Beschluss vom Amtsgericht Köln - 142 C 329/19
Tenor
I.
Das Verfahren wird ausgesetzt.
II.
Dem Gerichtshof der Europäischen Union wird folgende Frage zur Vorabentscheidung vorgelegt:
Ist die PNR - Richtlinie (Richtlinie (EU) 2016/681 vom 27.04.2016 - in Bezug auf die nachfolgenden Punkte mit Art. 7, 8 Grundrechte Charta (GRCh) vereinbar:
1.) Erweisen sich die nach der Richtlinie zu übermittelnden PNR Daten unter Berücksichtigung von Art. 7, 8 GRCh als hinreichend bestimmt ?
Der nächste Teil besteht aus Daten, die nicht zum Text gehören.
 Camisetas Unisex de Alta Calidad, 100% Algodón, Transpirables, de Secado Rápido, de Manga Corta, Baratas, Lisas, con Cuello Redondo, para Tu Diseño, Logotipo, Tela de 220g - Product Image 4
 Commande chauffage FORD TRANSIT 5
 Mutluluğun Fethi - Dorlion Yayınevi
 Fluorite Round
2.) Weist die Richtlinie in Hinblick auf ihren Anwendungsbereich unter Berücksichtigung von Art. 7, 8 GRCh eine ausreichende sachliche Differenzierung bei der Erfassung und Übermittlung der PNR Daten in Hinblick auf die Art der Flüge und die Bedrohungslage in einem bestimmten Land sowie in Hinblick auf den Abgleich mit Datenbanken und Mustern auf ?
3.) Ist die pauschale, unterschiedslose Dauer der Speicherung aller PNR Daten mit Art. 7, 8 GRCh vereinbar ?
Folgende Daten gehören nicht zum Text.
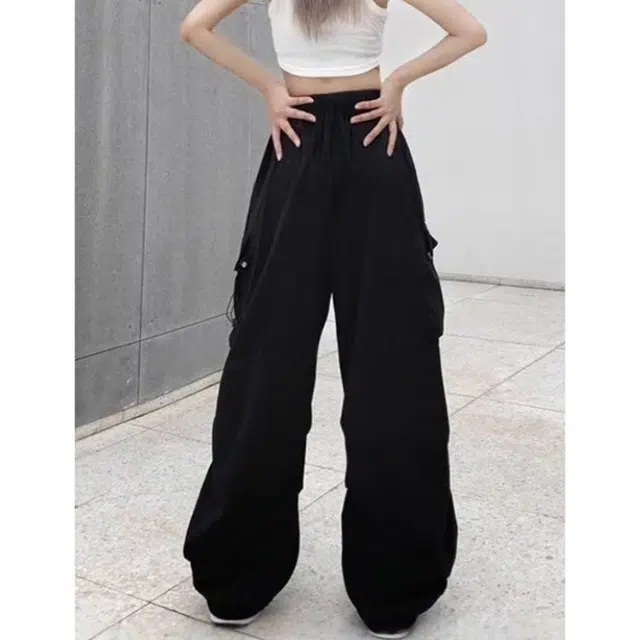 TESTUNG Oversize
4.) Sieht die Richtlinie unter Berücksichtigung von Art. 7, 8 GRCh einen ausreichenden verfahrensrechtlichen Schutz der Fluggäste in Hinblick auf die Verwendung der gespeicherten PNR Daten vor ?
5.) Wird durch die Richtlinie unter Berücksichtigung von Art. 7, 8 GRCh das Schutzniveau der europäischen Grundrechte bei der Weitergabe der PNR Daten an Behörden von Drittstaaten durch die Drittländer ausreichend gewahrt ?
1
Gründe
2I.
3Gegenstand des Rechtsstreites ist eine Klage der Klägerin gegenüber der beklagten Fluggesellschaft auf Unterlassung der Übermittlung ihrer PNR Daten nach Massgabe des Fluggastdatengesetz (im Folgenden: FlugDaG) an die Bundesrepublik Deutschland anlässlich eines gebuchten Fluges von Amsterdam nach Frankfurt am 01.11.2019 und retour am 03.11.2019.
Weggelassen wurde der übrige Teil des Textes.